Confusion Confusion

Harder Than it Needs to Be

Say you've just fit a (two-class) machine learning classifier, and you'd like to judge how it's doing. This starts out simple: Reality is yes or no, and you predict yes or no. Your model will make some mistakes, which you'd like to characterize.

So you go to Wikipedia, and see this:

Wikipedia confusion matrix

There's a lot of "divide this sum by that sum", without much connection to why we're doing that, or how to interpret the result. Sure, we could click on a given link and read about it, but it all seems a bit more complex than it needs to be.
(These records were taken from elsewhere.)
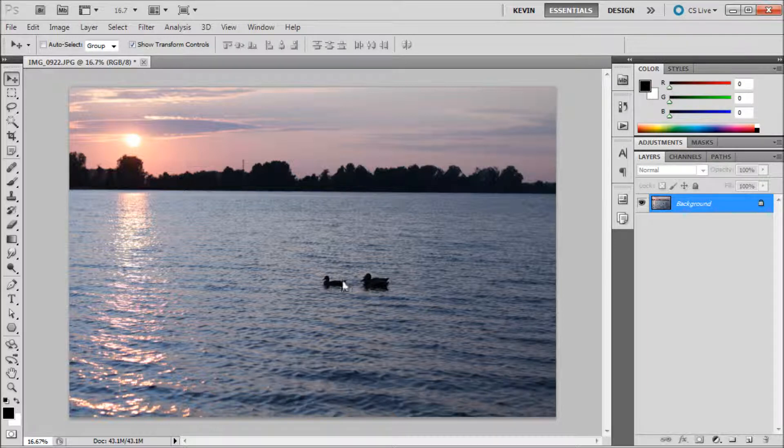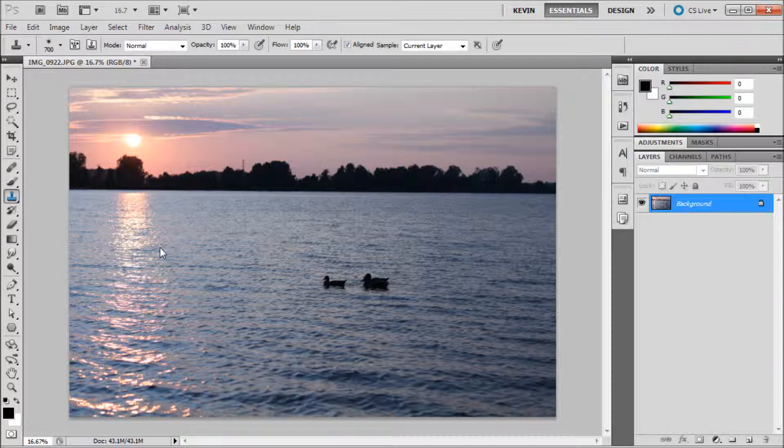Let's say that we want to get rid of these ducks here in our nice sunset shot. First you will need to select the clone stamp tool.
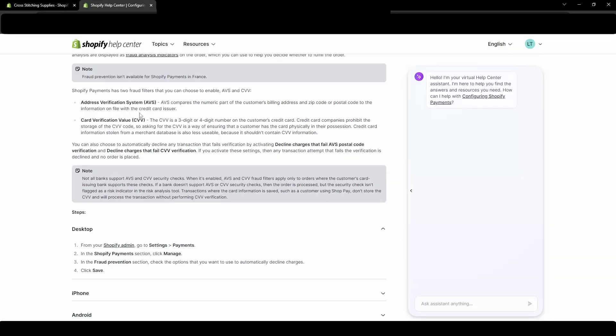I did want to go over how Shopify explains the AVS. So the address verification system, which is the AVS, compares the numeric part of the customer's billing address and zip code or postal code to the information on file with the credit card user.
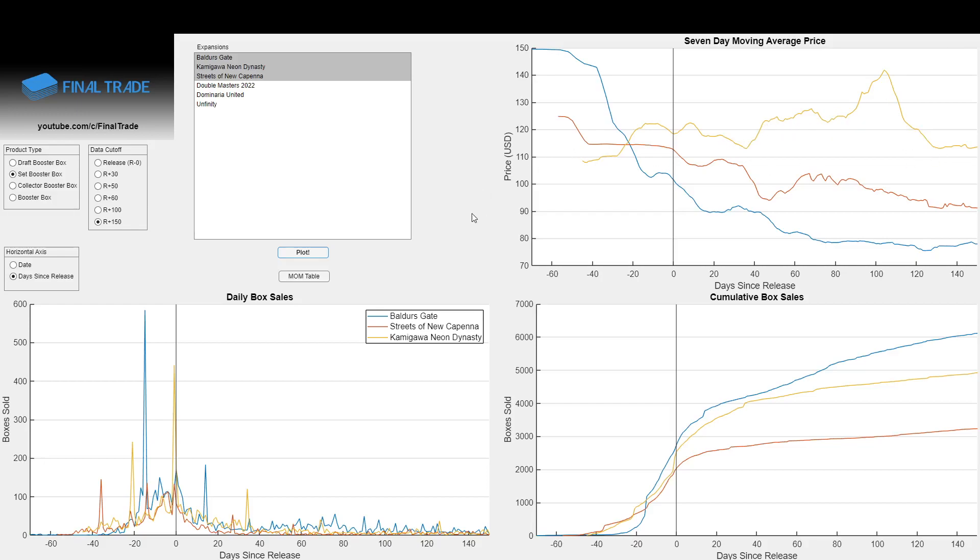And I think this is really interesting. It shows the kind of things that we can start to see when we have many sets worth of data on this tool, when we have historical comparisons to make, and when our memories are still relatively recent on what was happening in these time periods. It also shows us that it's a very complicated relationship between apparent popularity of a set, price of the set, and how many boxes ultimately sell. I mean, Baldur's Gate outsold both of these sets.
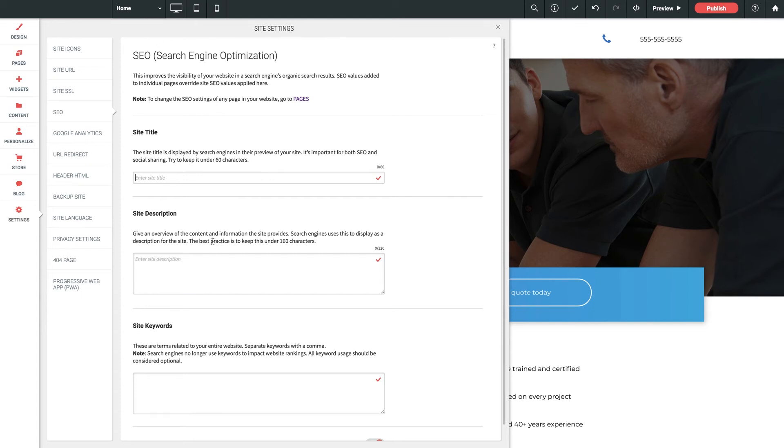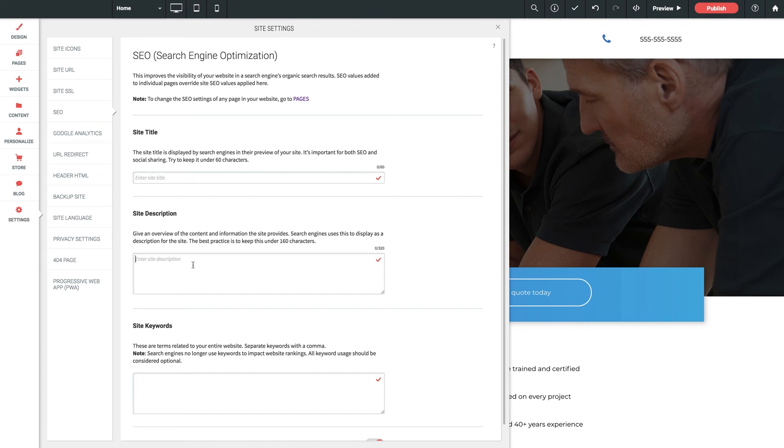The description is the small paragraph of text that you see underneath the title in search results. It's best to use something that gives an accurate overview of the site's content and information that's provided therein.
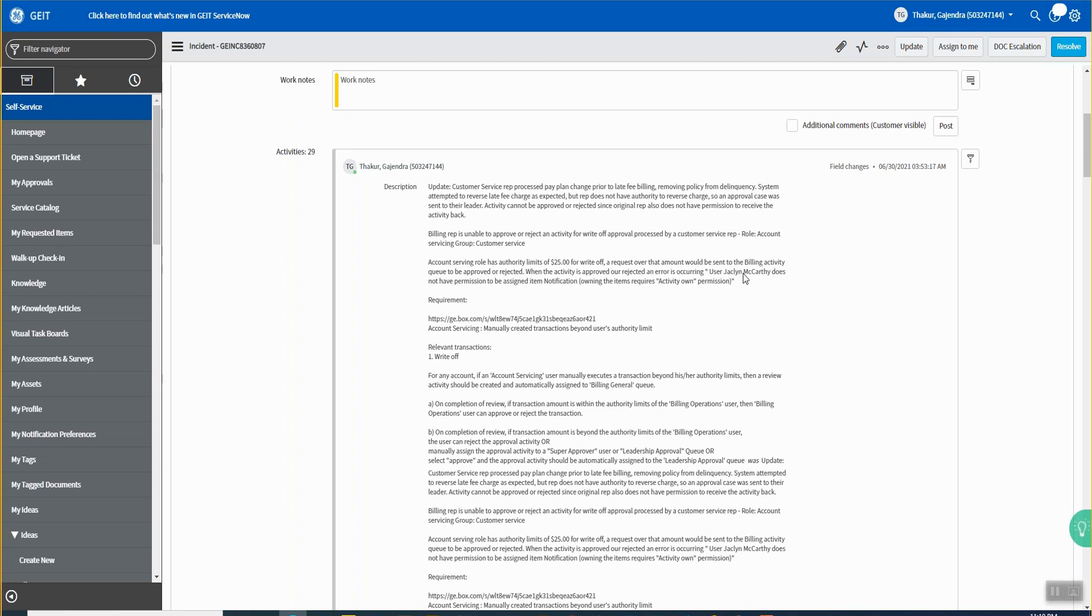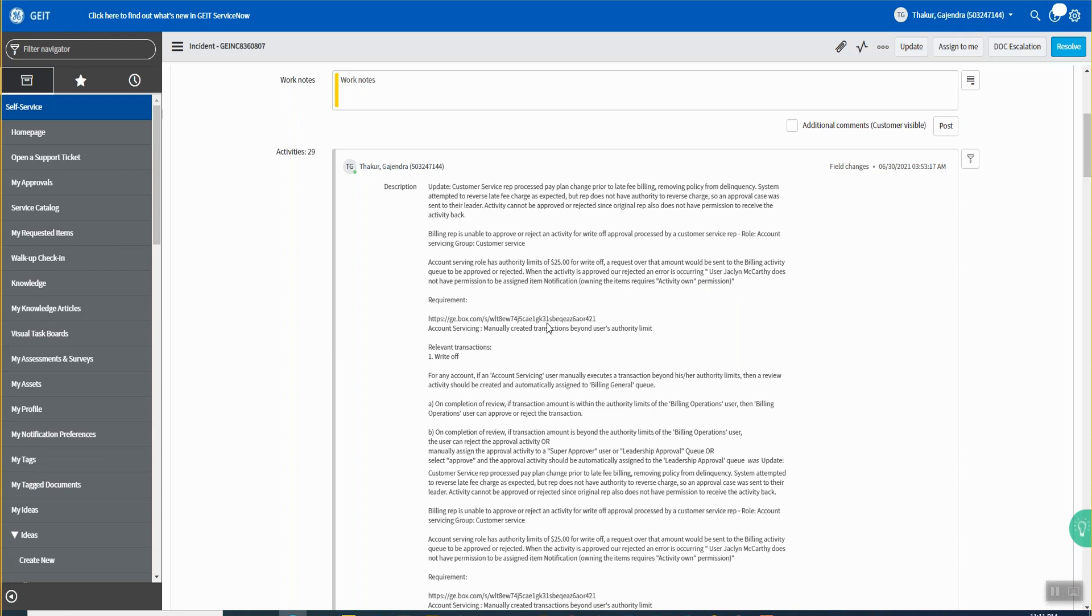Okay, so when the activity is approved or rejected, an error is occurring. This customer service rep is not having notification because of activity owned permission. Okay, he does not have the permission to own the activity. So ideally he should be able to write off a $25 amount but he is not able to do it, if I'm correct.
As it turns out, most of the values we're interested in can be expressed concisely and intuitively in terms of conditional probability.

Let's start with false positive rate. The term itself is has lots of potential for confusion:

  • We have to remember that "positive" refers not to ground truth, but to our prediction.
  • "False" doesn't mean we predicted false. Instead, it means our prediction is wrong.
  • "Rate" means we're interested not in the number of false positives, but in their frequency. The natural question, "relative to what?" is not included in the terminology.

The formula for FPR is

\[ \text{FPR} = \frac{\sum \text{False positive}}{\sum \text{Condition negative}}\ . \]

Better notation

Let's write \(y\) for the observed data, and \(\hat{y}\) for our prediction. And we'll use logical negation notation to indicate "false".

Unraveling the original definition into this, we get simply

\[ \text{FPR} = P(\hat{y}|\lnot y) \]

That is, "The probability we predict true, given that the data indicate false".

Compared to the usual formula, this leads more quickly to ways to calculate the value, "filter for \(y\) false, then take the mean of \(\hat{y}\)". And it makes clear that FPR is conditional on the data, so it's unaffected by changes in the relative class frequencies in the data.

Clearer Computations

This may seem like a minor convenience, but my student Mailei Vargas noticed that biased sampling invalidates some classification metrics, andthe traditional formulation makes it especially difficult to reason about models fit on a balanced sample of a large imbalanced data set.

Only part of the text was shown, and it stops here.